Installing required modules

In [None]:
import sys
import subprocess

def install(pkg):
    subprocess.check_call([sys.executable, "-m", "pip", "install", pkg]);

packages = ["pandas"];

for p in packages:
    try:
        __import__(p.split("-")[0]);
    except ImportError:
        print("Installing package:", p);
        install(p);

importing modules

In [None]:
import numpy as np;
import pandas as pd;
import matplotlib.pyplot as plt;
from sklearn.metrics import accuracy_score, f1_score;
from sklearn.metrics import ConfusionMatrixDisplay
from sklearn.preprocessing import label_binarize
from sklearn.metrics import roc_curve, auc
from collections import Counter


In [None]:
y_test = np.load("../results/y_test.npy")

svm_test_pred = np.load("../results/svm_test_pred.npy")
rf_test_pred = np.load("../results/rf_test_pred.npy")
knn_test_pred = np.load("../results/knn_test_pred.npy")
logreg_test_pred = np.load("../results/logreg_test_pred.npy")
gb_test_pred = np.load("../results/gb_test_pred.npy")

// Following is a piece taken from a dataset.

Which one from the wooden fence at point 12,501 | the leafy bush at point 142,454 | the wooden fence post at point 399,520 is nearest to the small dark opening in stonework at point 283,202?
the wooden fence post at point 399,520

Part A: Classical Machine Learning models.
- Store all model results

In [None]:
results = []

results.append(["SVM", accuracy_score(y_test, svm_test_pred), 
                f1_score(y_test, svm_test_pred, average="macro")])

results.append(["Random Forest", accuracy_score(y_test, rf_test_pred), 
                f1_score(y_test, rf_test_pred, average="macro")])

results.append(["k-NN", accuracy_score(y_test, knn_test_pred), 
                f1_score(y_test, knn_test_pred, average="macro")])

results.append(["Logistic Regression", accuracy_score(y_test, logreg_test_pred), 
                f1_score(y_test, logreg_test_pred, average="macro")])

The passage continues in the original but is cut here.